Data items:

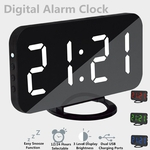 Portátil Moderno Relógio Digital Alarme LED Display USB & Bateria Operada Espelho
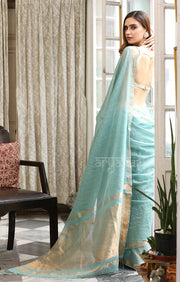Mint Green Silk Cotton Saree With Woven Zari Checks & Zari Pallu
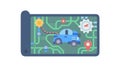 Tablet GPS Navigation Map Vector Icon, vector design Generative AI Royalty Free Stock Photo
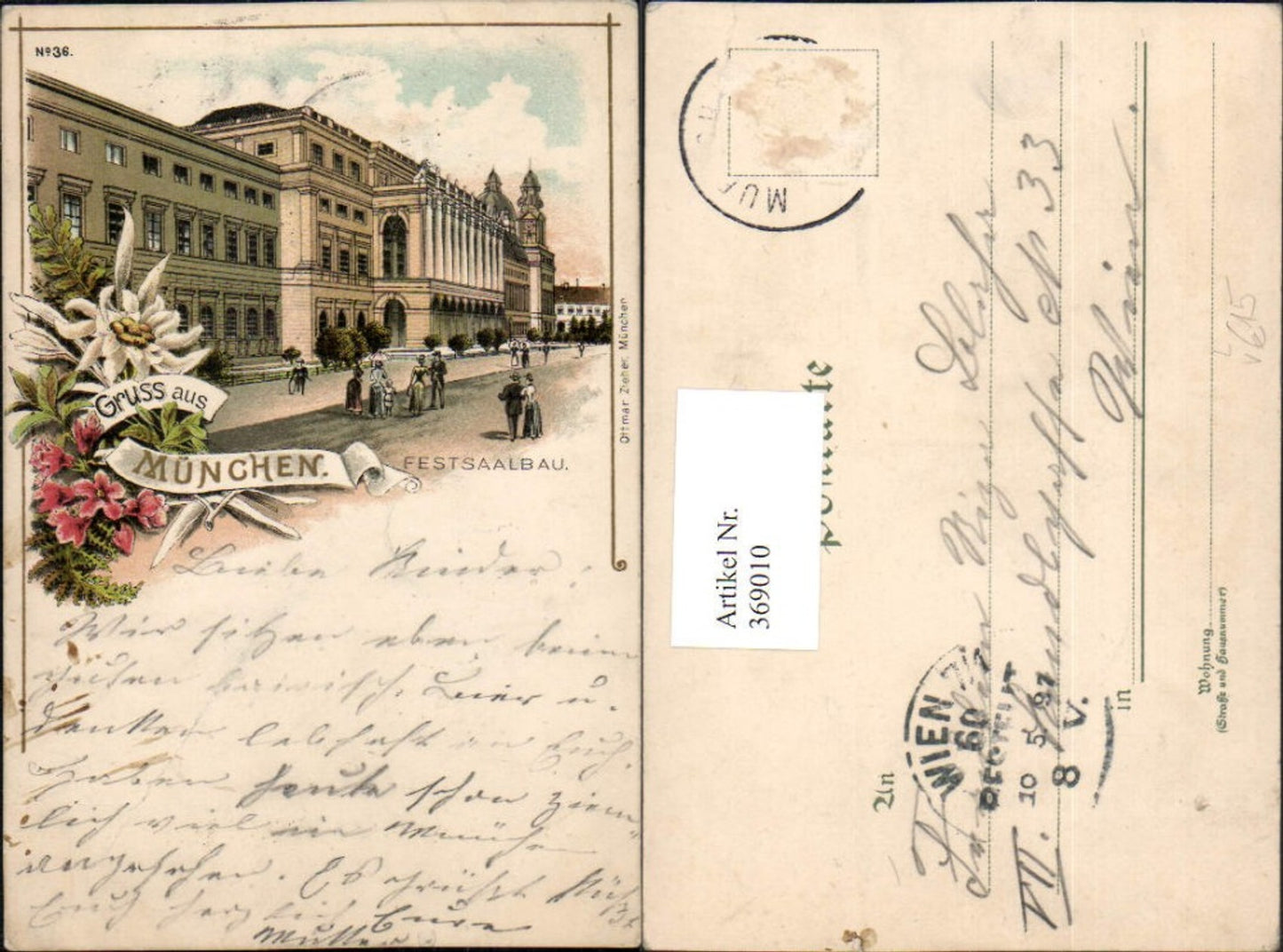 369010,Litho Gruß aus München Festsaalbau Gebäude pub Ottmar Zieher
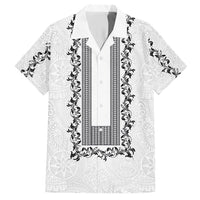 Philippines Polynesian Floral Pattern Family Matching Short Sleeve Bodycon Dress and Hawaiian Shirt With Barong Tagalog White Style LT03 Dad's Shirt - Short Sleeve White - Polynesian Pride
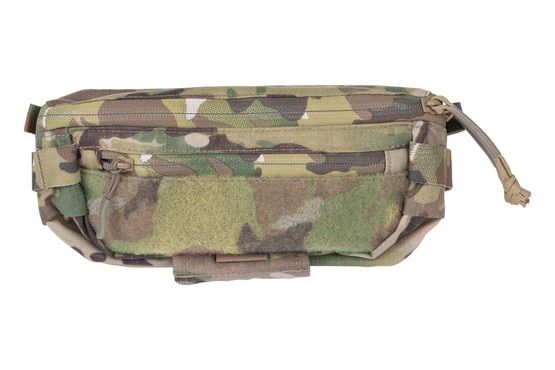 Agilite Six Pack Plate Carrier Hanger Pouch in Multicam with two zippered compartments.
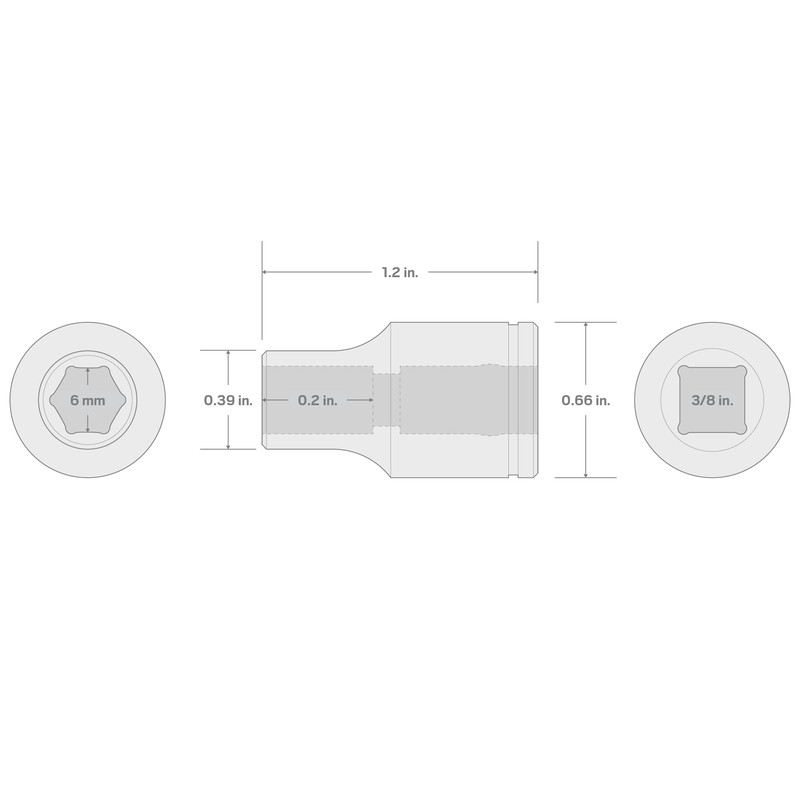 TEKTON 3/8 Inch Drive x 6 mm Shallow 6-Point Socket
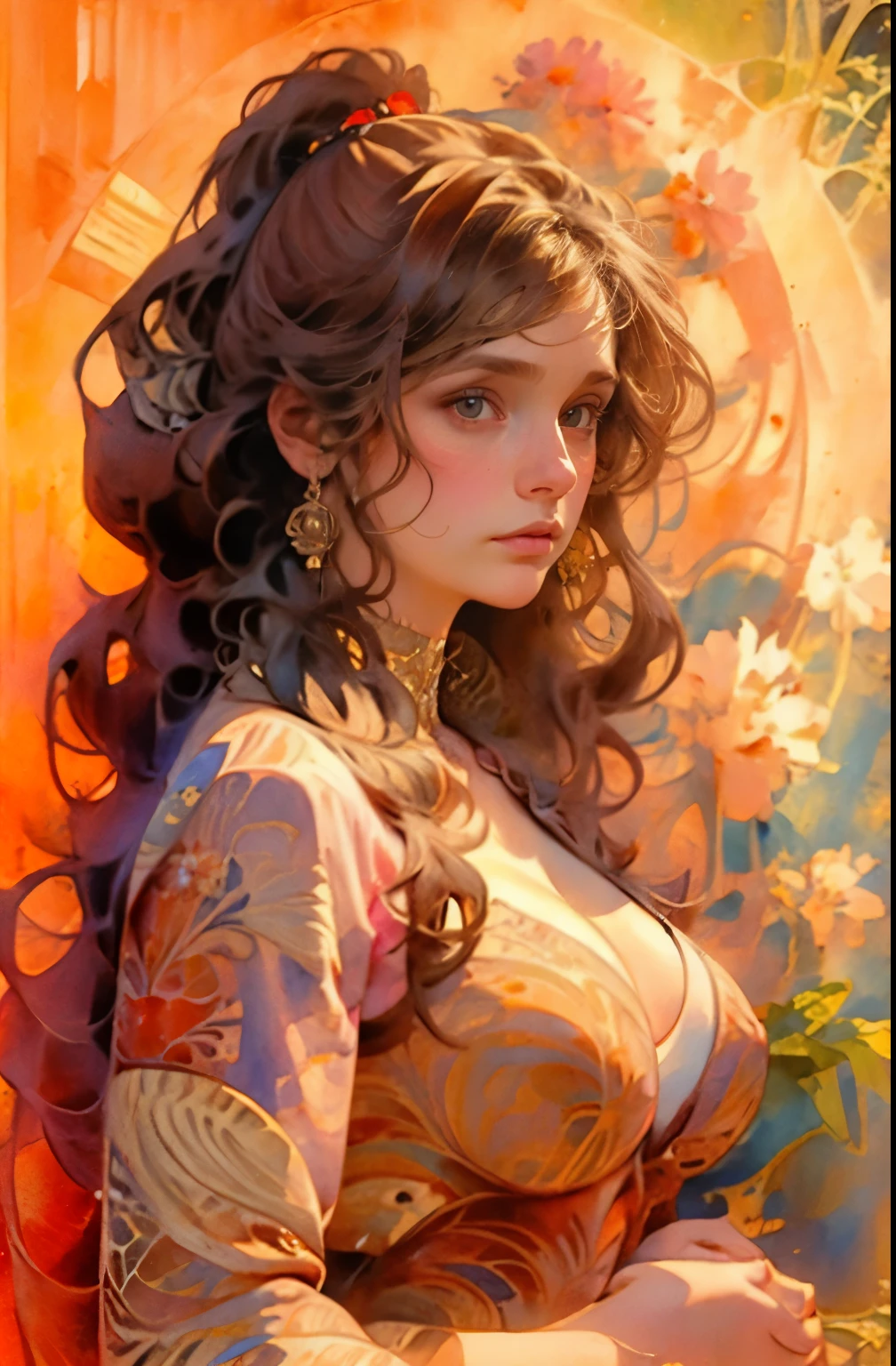 ((masterpiece)), (best quality), (cinematic),  art nouveau, ((watercolor painting)), Goddess of Venus, large breasts, big eyes, long thick eyelashes, cleavage, full lips, long thick hair,  high ponytail, accessories, featuring intricate designs and patterns in the style of Alphonse Mucha.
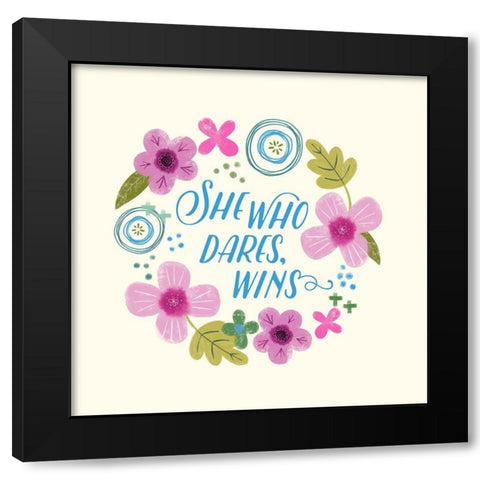 Fierce Girl Pink II Black Modern Wood Framed Art Print by Noonday Design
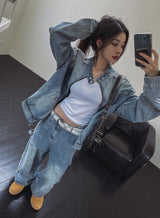 Wings Track Gradient Pinch Denim Jacket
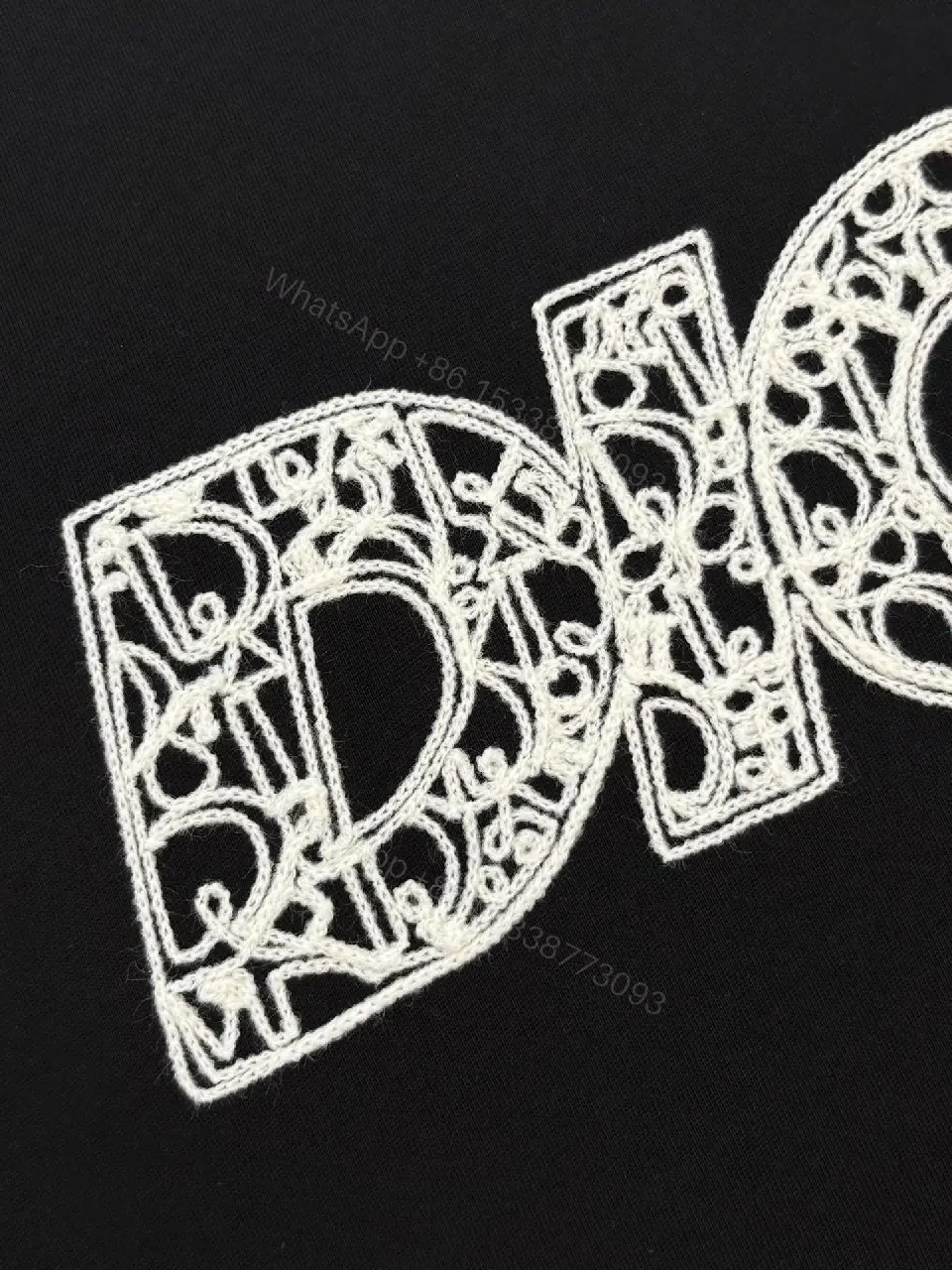 View 7 of Black Cotton DIOR Graphic Tee—Premium Streetwear Essential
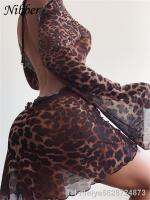 【hot】▥◘  Nibber Night Leopard Backless See-Through Clubwear Clothing Flared Sleeves Up Bodycon Street Dresses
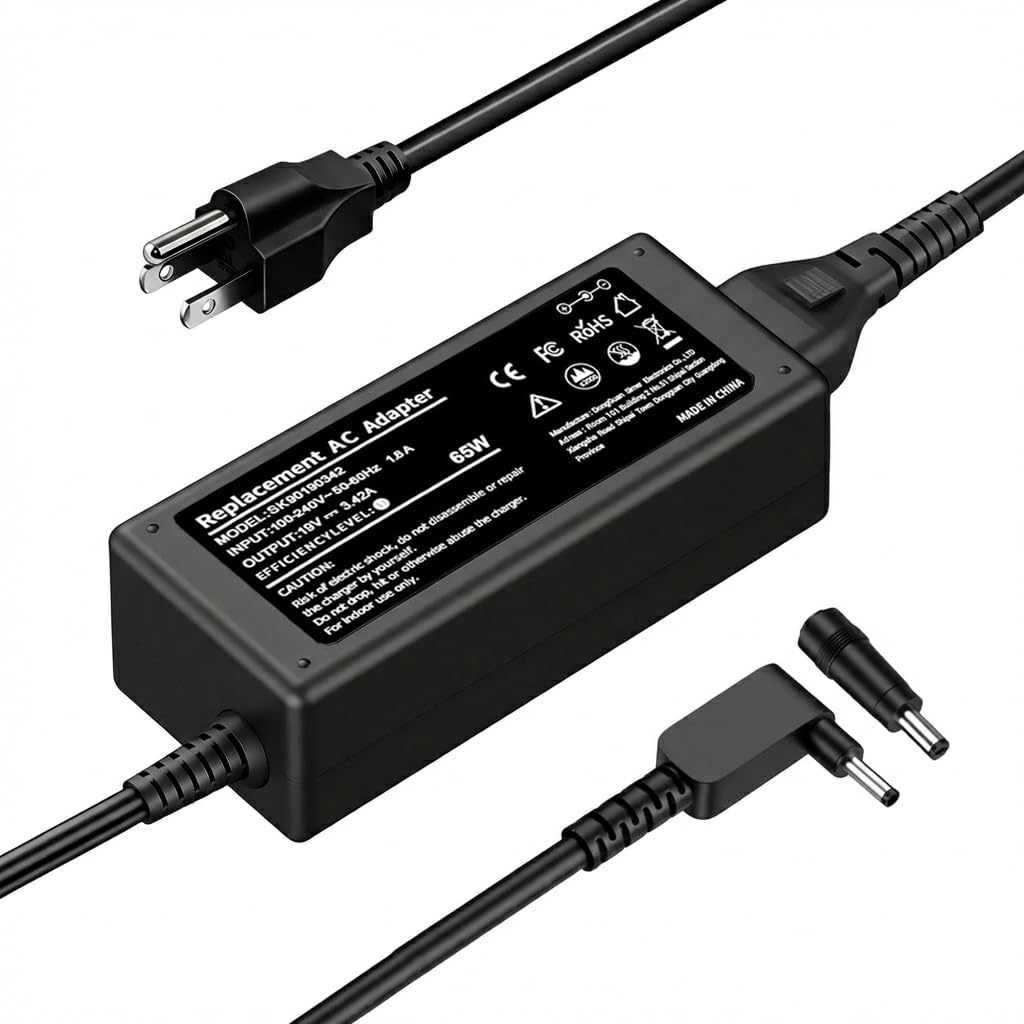 65W 45W Charger Compatible with Acer Aspire 3 5 1 A315 A315-24P A317 A515-55 A515-56 A515-54 N22C6 N20C5 N15Q8 Swift/Spin 1 3 5 11 12 Chromebook 15 14 13 11 CB3 CB5 AC Power Cord (3.0*1.1-5.5*1.7MM)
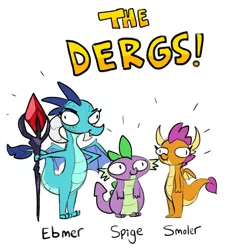 Size: 1936x1936 | Tagged: safe, artist:tjpones, derpibooru import, princess ember, smolder, spike, dragon, bloodstone scepter, dragon lord ember, dragoness, female, intentional spelling error, male, simple background, the derg, trio, white background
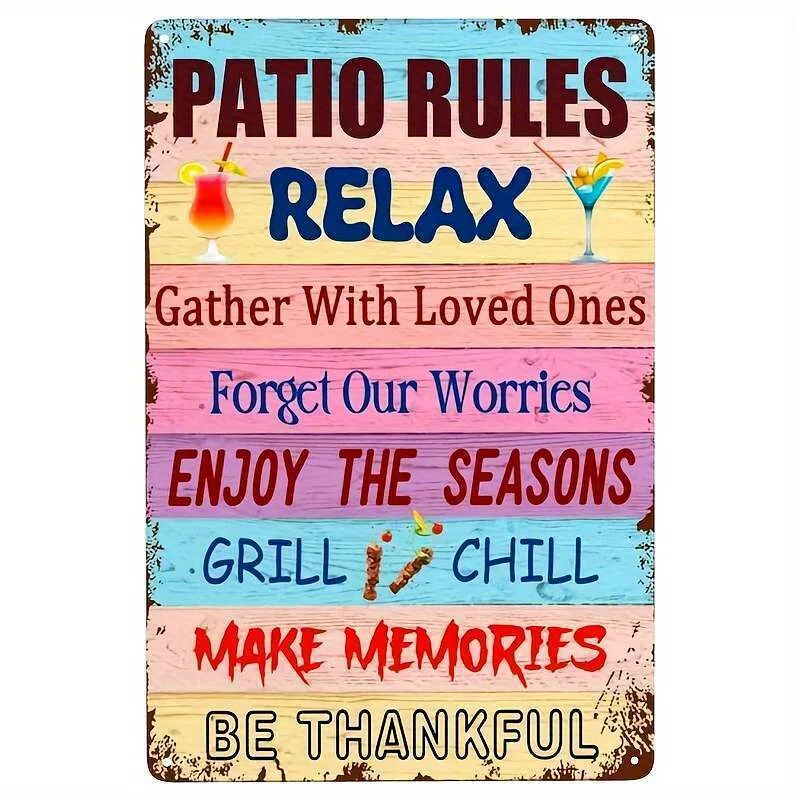 Placas de metal Yard Rule impresas con varios diseños, ideas para regalos, letreros divertidos, placas decorativas para puertas, paredes del hogar, arte decorativo, Ya
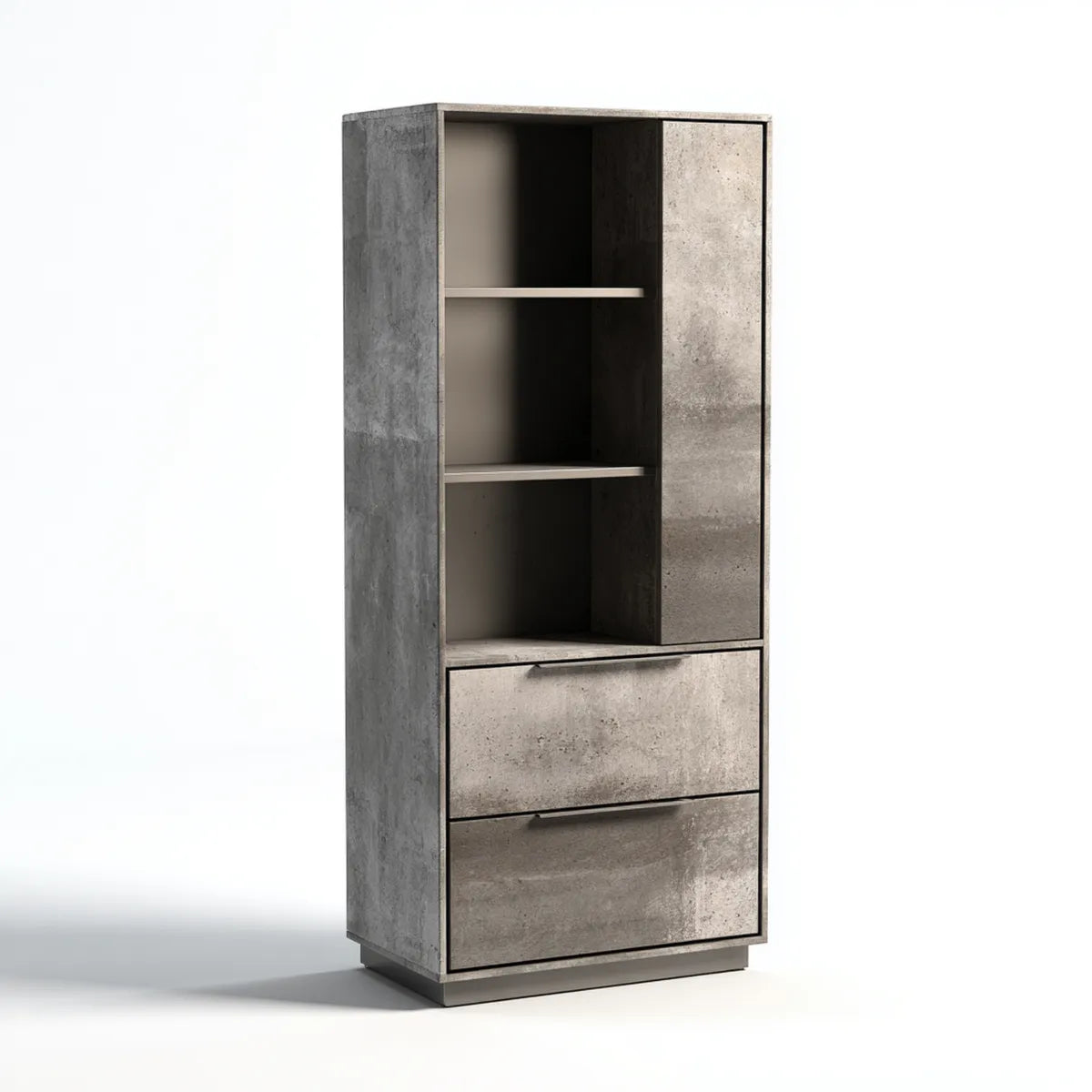 Armoire de chambre gris béton 60 x 40 x 180 cm en panneaux de particules mélaminés rectangulaire avec porte et tiroirs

### Task to complete
Your answer should be the exact lines above from the one containing "Tablet GPS Navigation" through the one containing "369010,Litho Gruß aus", with both end lines kept and the pictures removed, please.

### Solution to the exercise
 Tablet GPS Navigation Map Vector Icon, vector design Generative AI Royalty Free Stock Photo
 369010,Litho Gruß aus München Festsaalbau Gebäude pub Ottmar Zieher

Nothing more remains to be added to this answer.